Three mechanisms that improve the system
Most systems grow but never get better. My system has three built-in improvement mechanisms.
knowledge/lessons.md is a log of errors and corrections. When the agent does something wrong or when I adjust an approach, that is written away with date and context. At the start of every session the agent reads this file. Not as a punishment, but as memory. Making the same mistake twice is a sign that there is no lessons.md.
knowledge/quality-gates.md contains a concrete checklist per output type. For a newsletter those are seven criteria, from word count to responsive HTML. For a proposal, different criteria. For a blog article, three mandatory readings. The agent works through the list before marking a task as complete and confirms to me which points have been checked. So I do not need to verify myself what I can leave to the system.
knowledge/daily/ contains a daily log per date. What was done, what decisions were made, what points are still open. Fifteen lines at most. When there are multiple sessions on the same day, it is appended to, not overwritten. There is therefore always a chronological overview of what has happened, usable for continuity and for looking back.
The lesson that summarises everything
The confusion between these layers is the most common problem at organisations that want to take AI seriously. Putting everything into one prompt. One document that has to serve simultaneously as the constitution, the domain knowledge and the memory. And then wondering why the agent sometimes knows things and sometimes does not, why it makes the same mistake twice, why it has to be briefed again after every conversation.
The answer is almost never the model. It is the structure around it.

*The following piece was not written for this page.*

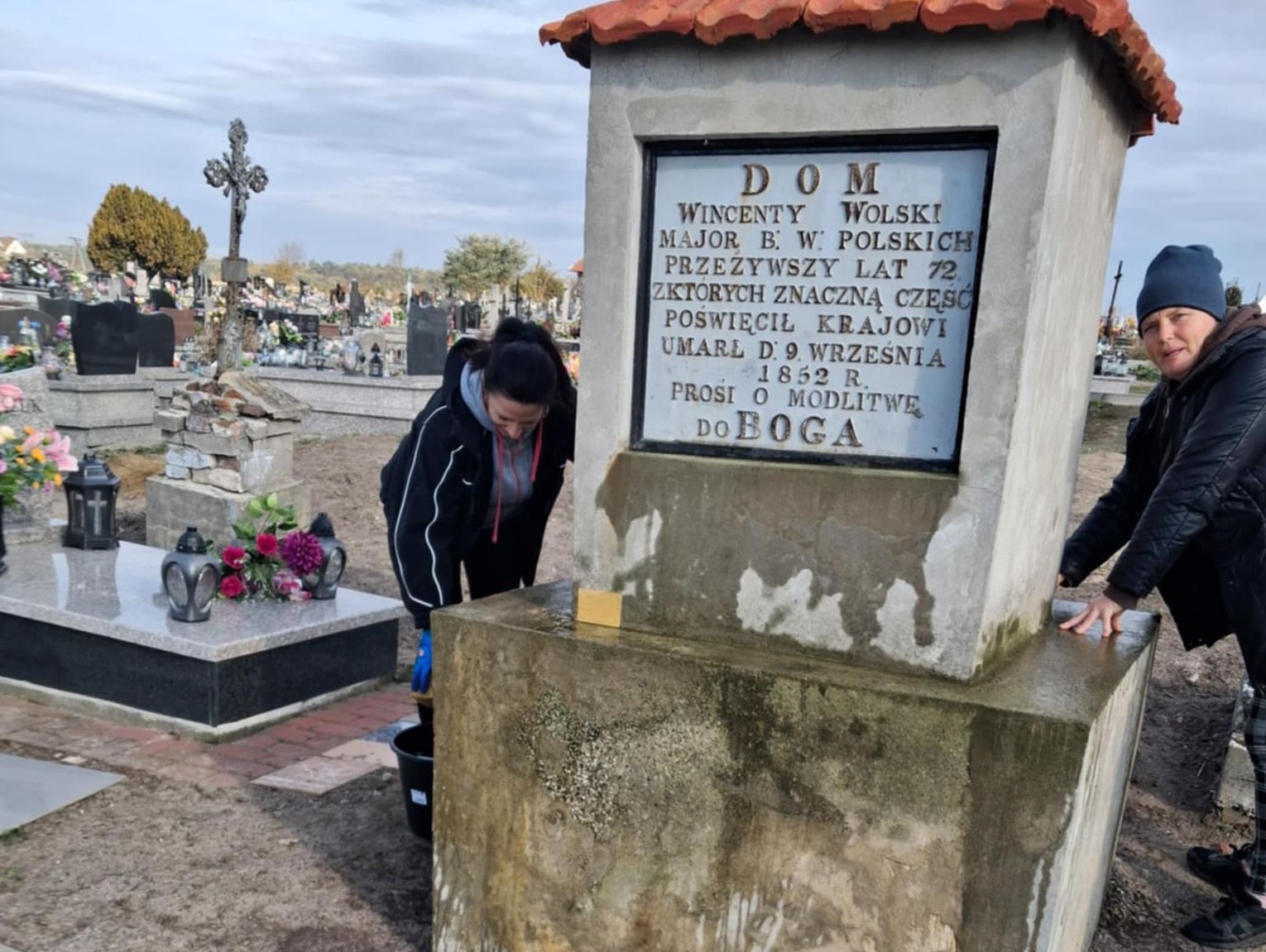 Gm. Wojsławice. 12 wolontariuszy, 14 zabytkowych grobów. To była dobra akcja porządkowania cmentarza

The quality of an agent stands or falls with the information it receives, the moment at which it receives it and the structure in which that information is organised. That is not a technical challenge. It is an organisational question. And just as knowledge management in people only works when there is a structure behind it, it only works in AI when you think carefully about what belongs where and why.
How do you start with this yourself?
That question is asked by almost everyone who reads this. And the honest answer: not by setting up a production environment straight away.
Start with a contained experiment. Choose one concrete project, one team, one use case, and build it out completely before rolling it out more broadly. Not as a proof of concept, but as a real working environment, using sandboxes, test environments that are separate from production, so you can work in a controlled way without affecting the rest of the organisation.
Do not involve only IT. The people who know the business logic, who know what an exception looks like, who safeguard the client tone, they are just as indispensable as the technician building the system. An agent is only as good as the knowledge it is given, and that knowledge sits with your people, not in a manual.
A good starting point is Claude Desktop: install the app, grant access to a local folder, and start small. But move quickly to Claude Code in VS Code or another editor. There you can see per file what the agent is adjusting, how it plans, how tasks are broken down. That visibility is not a luxury, it is the fastest way to understand how orchestration works in practice.
Finally, invest first in understanding. Eight to ten hours of good tutorials, before spending a single euro on tooling or implementation. Not because the technology is complicated, but because you will use it incorrectly if you do not understand how it works. A good starting point is this video by Nick Saraev, which explains the system calmly and thoroughly. That is not a luxury, that is the prerequisite.